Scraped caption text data

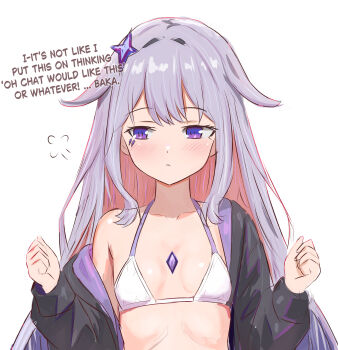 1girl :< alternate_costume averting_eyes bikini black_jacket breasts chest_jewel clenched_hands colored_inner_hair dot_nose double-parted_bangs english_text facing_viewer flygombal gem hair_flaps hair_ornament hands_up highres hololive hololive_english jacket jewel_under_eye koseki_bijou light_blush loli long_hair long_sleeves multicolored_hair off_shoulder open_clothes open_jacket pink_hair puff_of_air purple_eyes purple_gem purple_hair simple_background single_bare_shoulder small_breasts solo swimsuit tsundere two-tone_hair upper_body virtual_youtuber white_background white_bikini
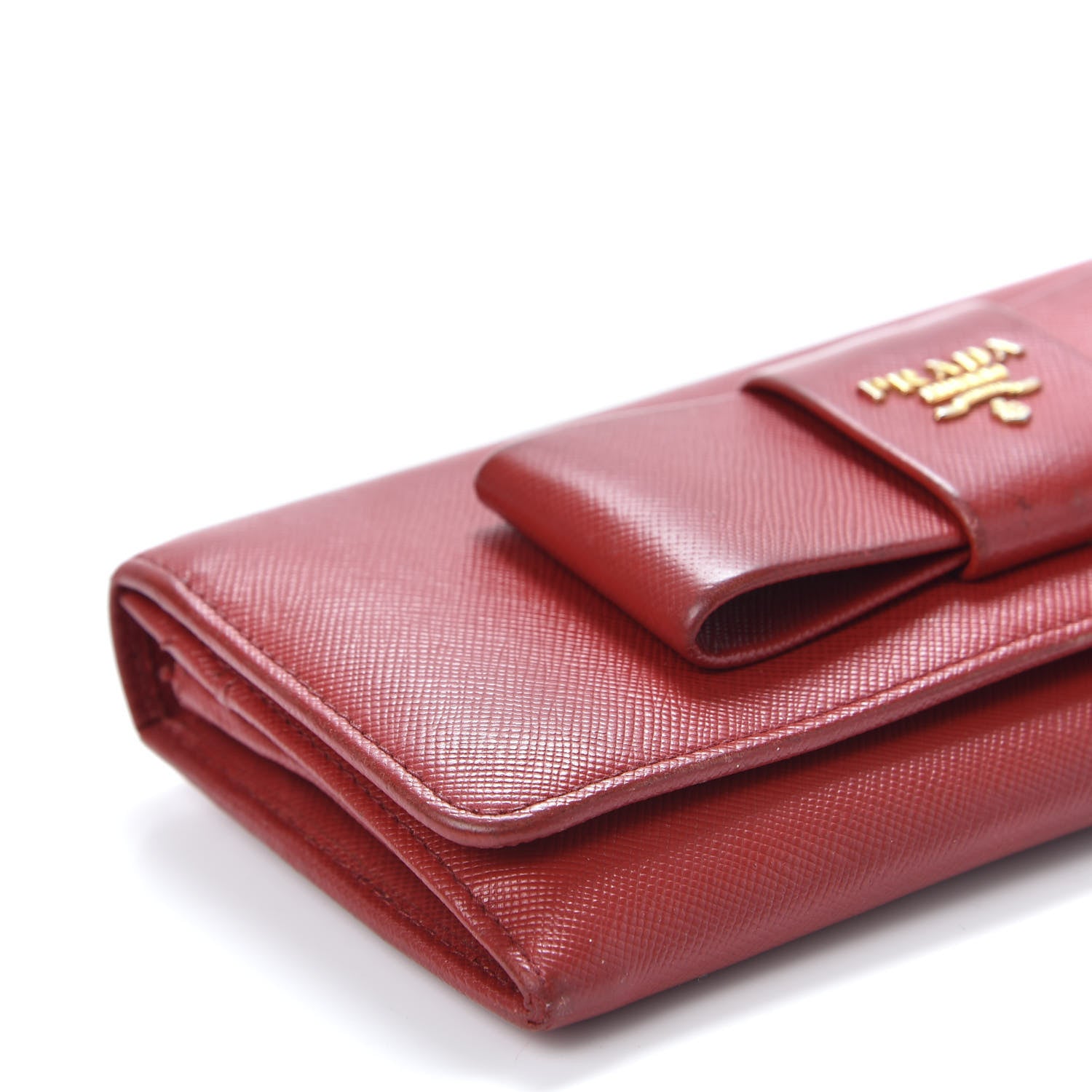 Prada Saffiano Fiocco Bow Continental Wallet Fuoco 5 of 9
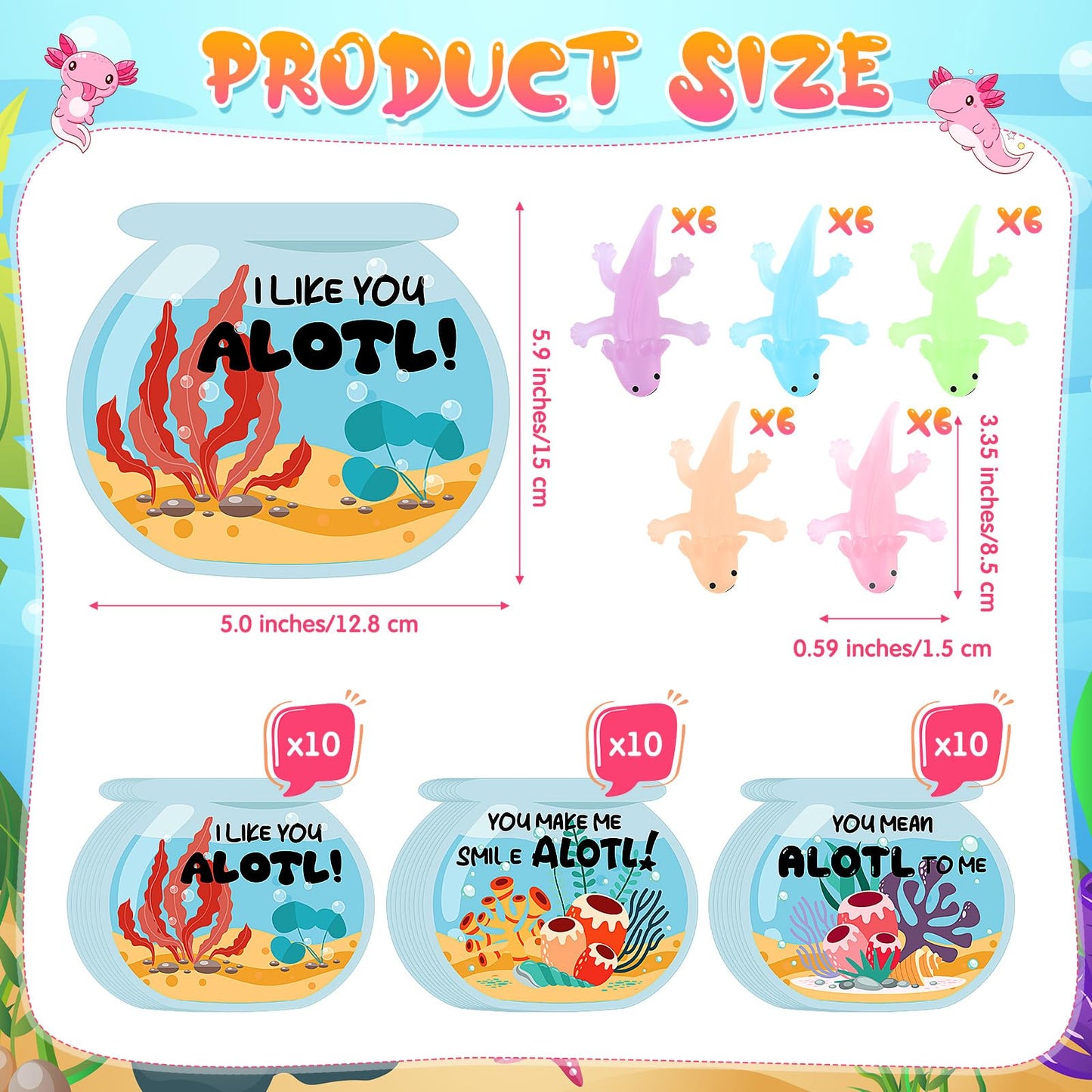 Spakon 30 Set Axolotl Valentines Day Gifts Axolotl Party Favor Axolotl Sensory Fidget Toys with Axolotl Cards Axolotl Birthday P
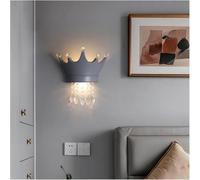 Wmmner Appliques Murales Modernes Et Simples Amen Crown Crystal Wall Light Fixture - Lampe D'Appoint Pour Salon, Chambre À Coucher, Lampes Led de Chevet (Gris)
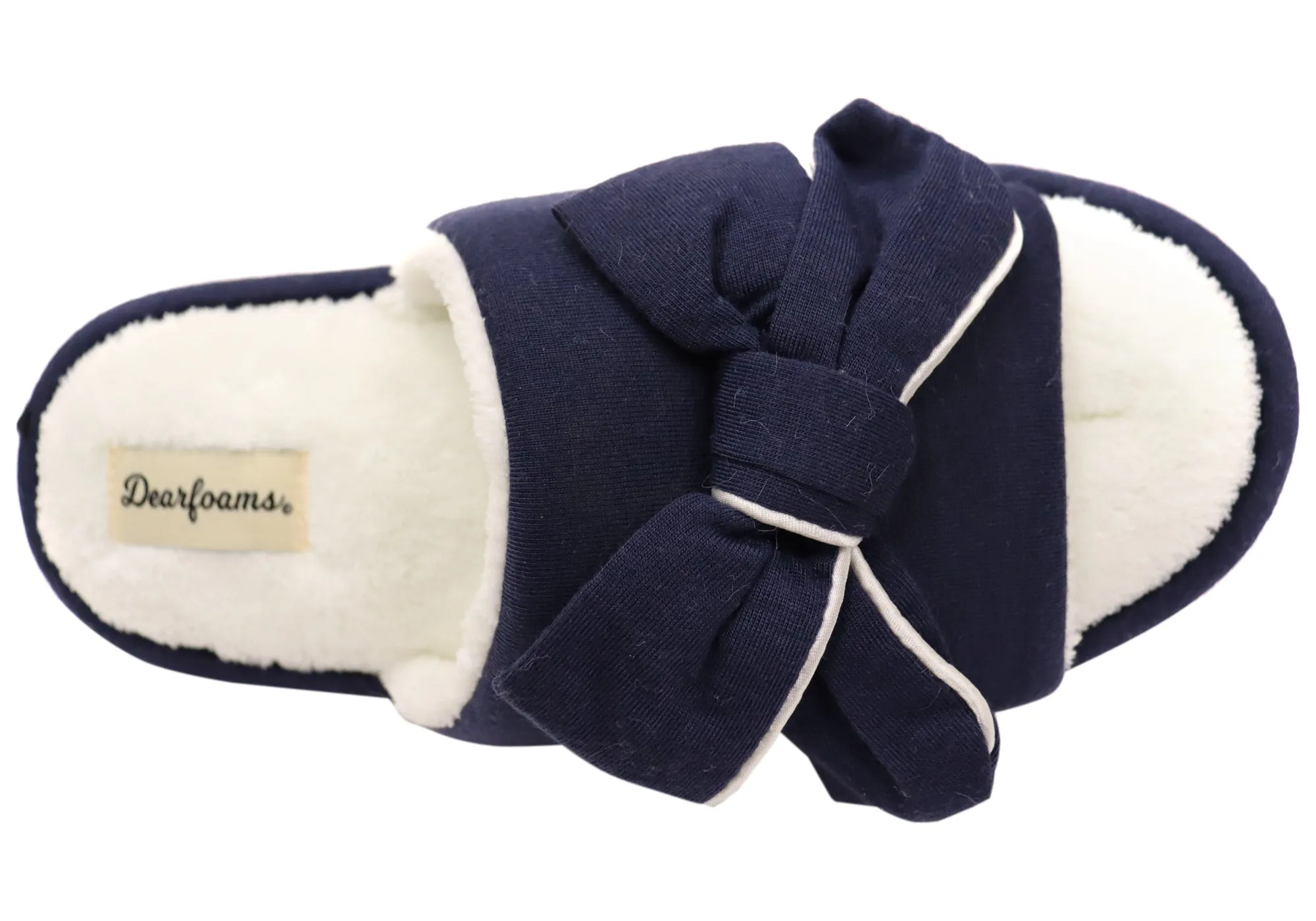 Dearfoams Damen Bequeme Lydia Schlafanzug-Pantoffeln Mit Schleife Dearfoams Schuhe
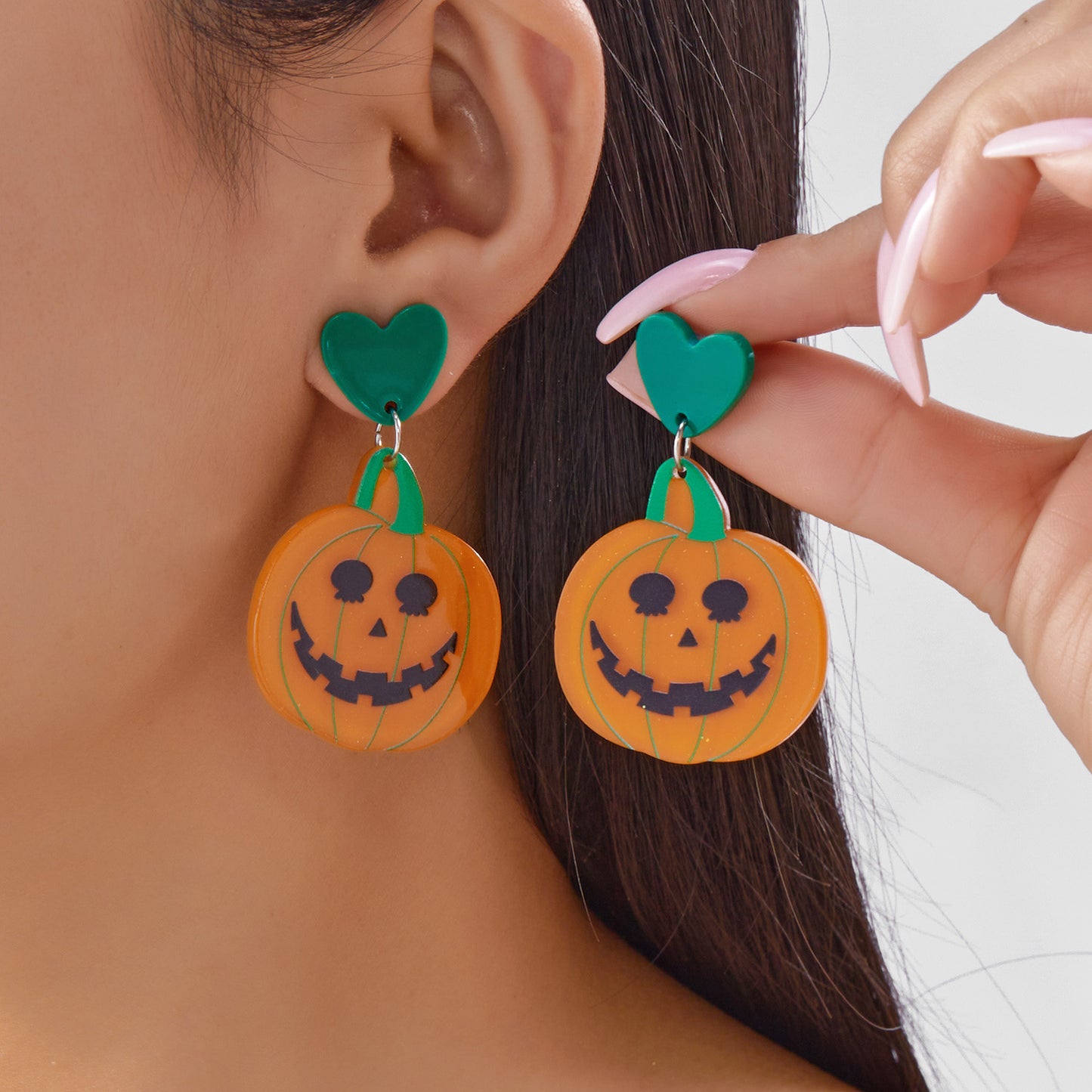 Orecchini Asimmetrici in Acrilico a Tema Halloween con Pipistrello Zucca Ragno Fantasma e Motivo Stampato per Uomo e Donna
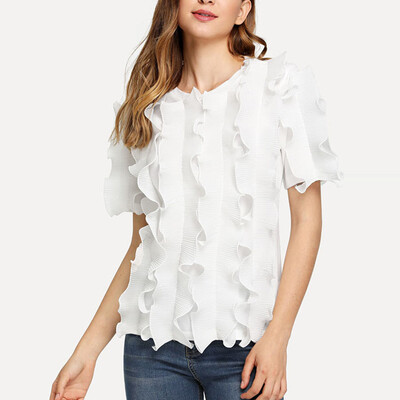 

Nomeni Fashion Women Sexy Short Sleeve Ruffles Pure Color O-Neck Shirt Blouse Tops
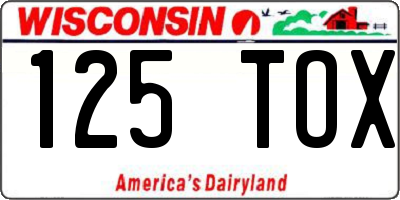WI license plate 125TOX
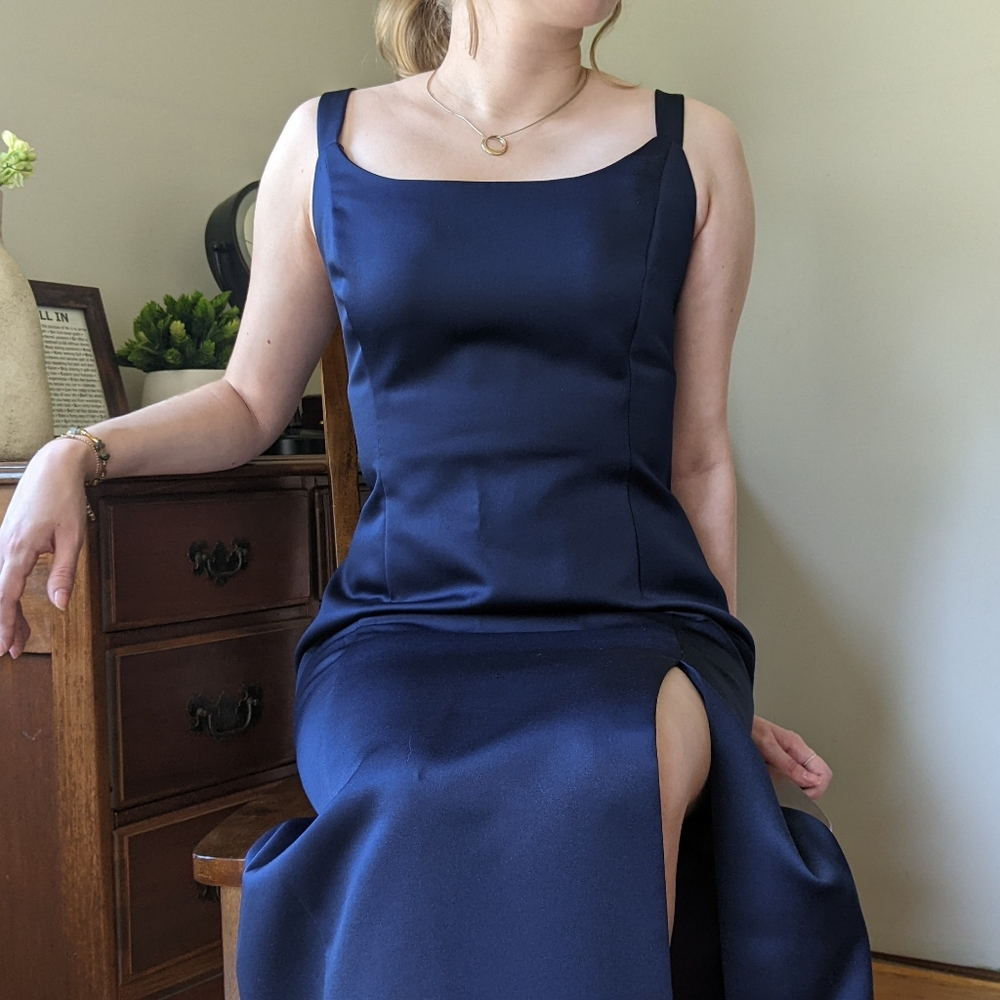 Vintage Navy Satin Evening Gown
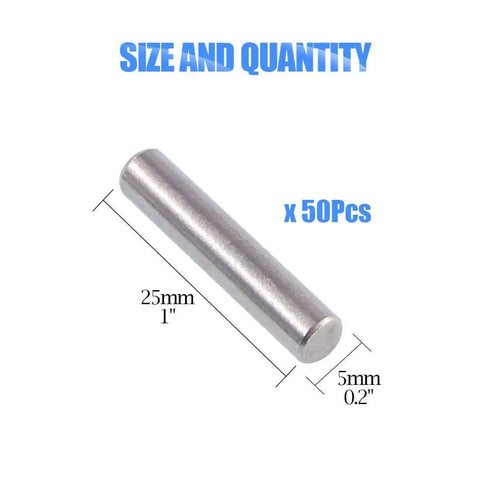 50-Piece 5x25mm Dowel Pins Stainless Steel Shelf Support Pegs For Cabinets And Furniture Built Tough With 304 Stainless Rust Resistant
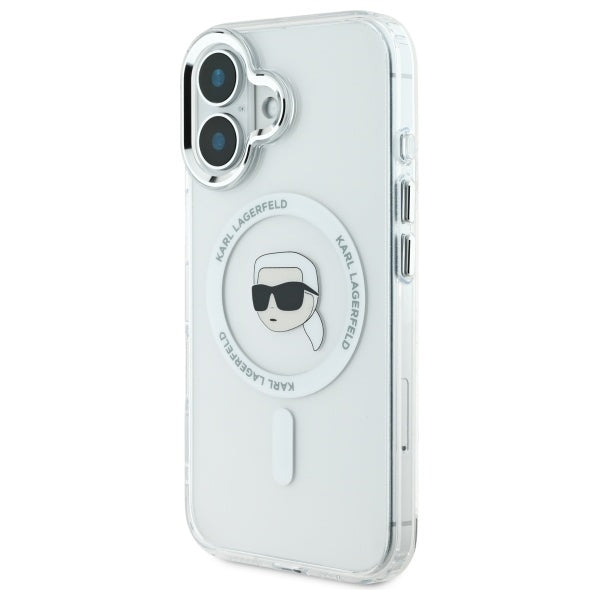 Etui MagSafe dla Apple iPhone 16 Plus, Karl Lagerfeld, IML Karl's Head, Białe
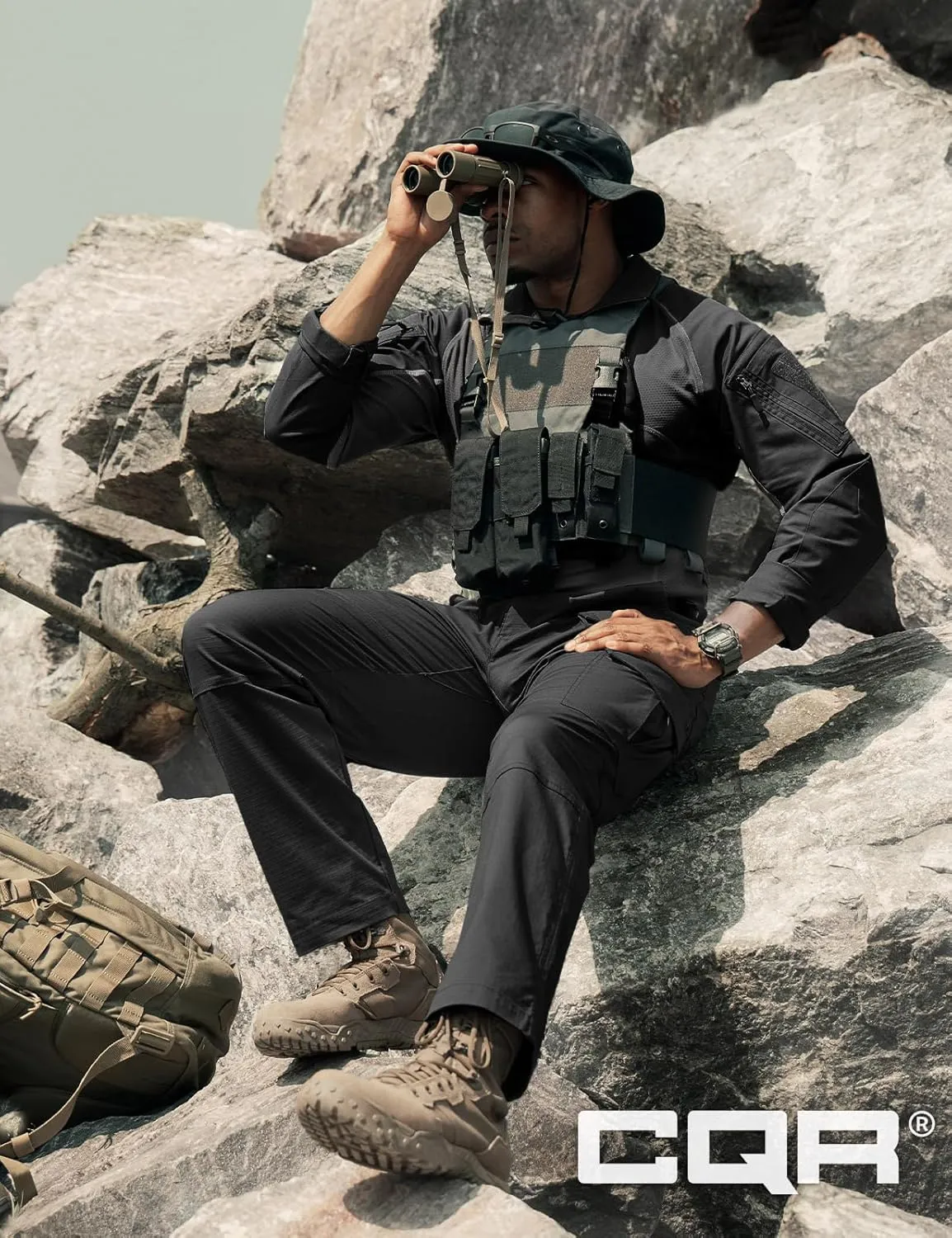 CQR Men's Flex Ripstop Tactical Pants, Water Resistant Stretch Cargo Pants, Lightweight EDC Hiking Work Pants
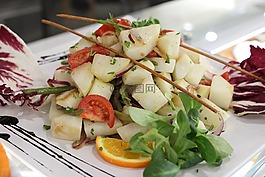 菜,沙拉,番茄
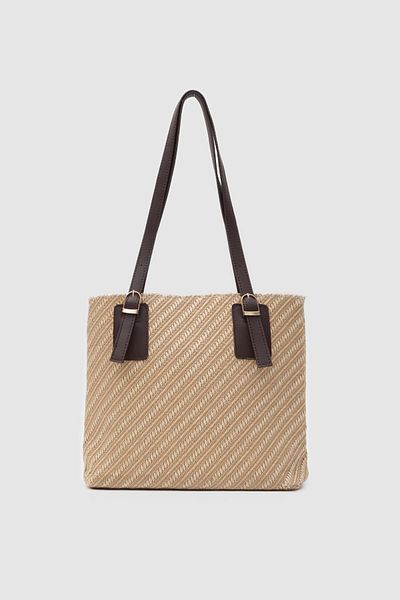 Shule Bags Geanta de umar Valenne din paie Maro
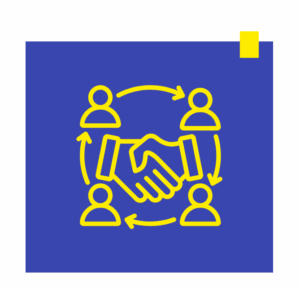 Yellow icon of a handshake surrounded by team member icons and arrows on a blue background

**THE TASK**.
From the line that contains "Dearfoams Damen Bequeme" to the last line of the data, print each line exactly, both ends included, and omit the pictures.

**RESULT OF THIS EXERCISE**.
 Dearfoams Damen Bequeme Lydia Schlafanzug-Pantoffeln Mit Schleife Dearfoams Schuhe
 Orecchini Asimmetrici in Acrilico a Tema Halloween con Pipistrello Zucca Ragno Fantasma e Motivo Stampato per Uomo e Donna

Nomeni Fashion Women Sexy Short Sleeve Ruffles Pure Color O-Neck Shirt Blouse Tops
WI license plate 125TOX
 Vintage Navy Satin Evening Gown
 50-Piece 5x25mm Dowel Pins Stainless Steel Shelf Support Pegs For Cabinets And Furniture Built Tough With 304 Stainless Rust Resistant
 Etui MagSafe dla Apple iPhone 16 Plus, Karl Lagerfeld, IML Karl's Head, Białe
 CQR Men's Flex Ripstop Tactical Pants, Water Resistant Stretch Cargo Pants, Lightweight EDC Hiking Work Pants
 菜,沙拉,番茄
 Shule Bags Geanta de umar Valenne din paie Maro
 Yellow icon of a handshake surrounded by team member icons and arrows on a blue background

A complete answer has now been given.